Directions = Could you copy exactly the lines below, beginning at the line with "minimalist basket leaves by zeeminimal" and stopping after the line with "Taška nákupní přes rameno 40x37x14 černá efekt jeans Taška", with no pictures?

Data to process =
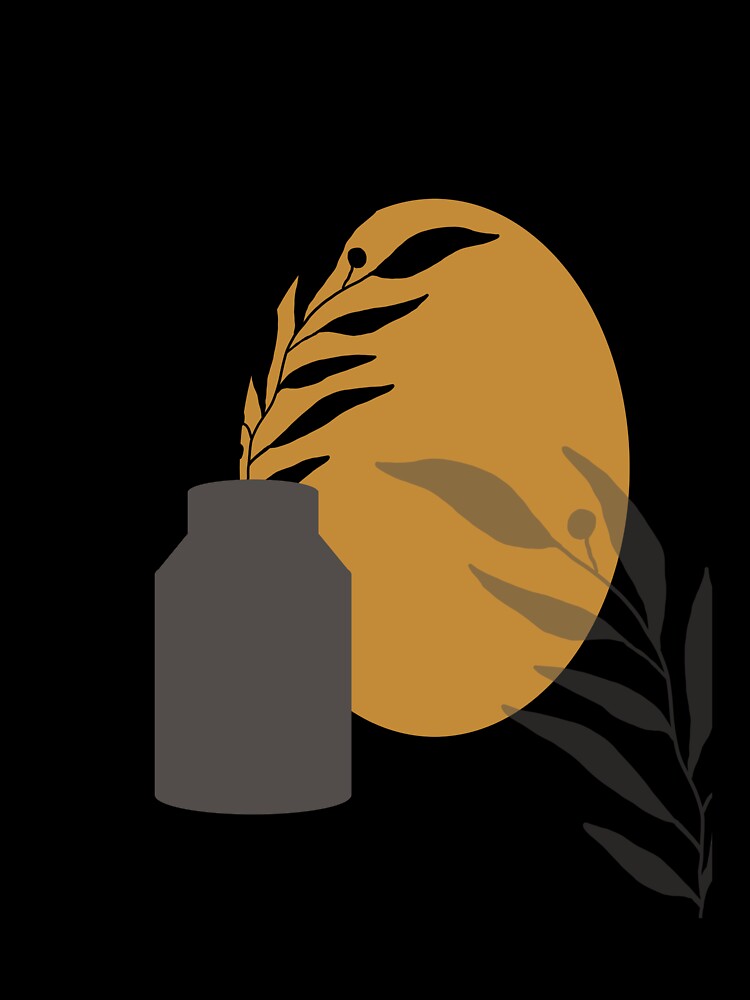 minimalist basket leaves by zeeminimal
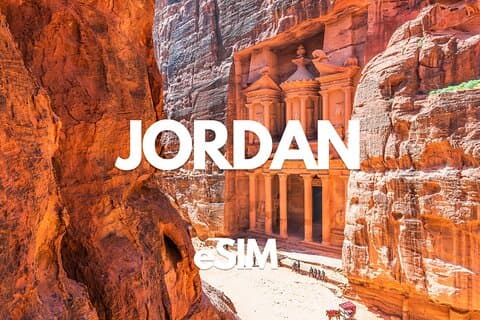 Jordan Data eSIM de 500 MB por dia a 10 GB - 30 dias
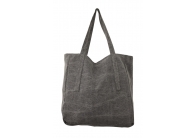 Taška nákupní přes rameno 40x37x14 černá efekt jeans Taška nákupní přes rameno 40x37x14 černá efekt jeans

==

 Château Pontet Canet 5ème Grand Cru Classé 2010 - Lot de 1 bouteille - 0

Task answer =
 minimalist basket leaves by zeeminimal
 Jordan Data eSIM de 500 MB por dia a 10 GB - 30 dias
 Taška nákupní přes rameno 40x37x14 černá efekt jeans Taška nákupní přes rameno 40x37x14 černá efekt jeans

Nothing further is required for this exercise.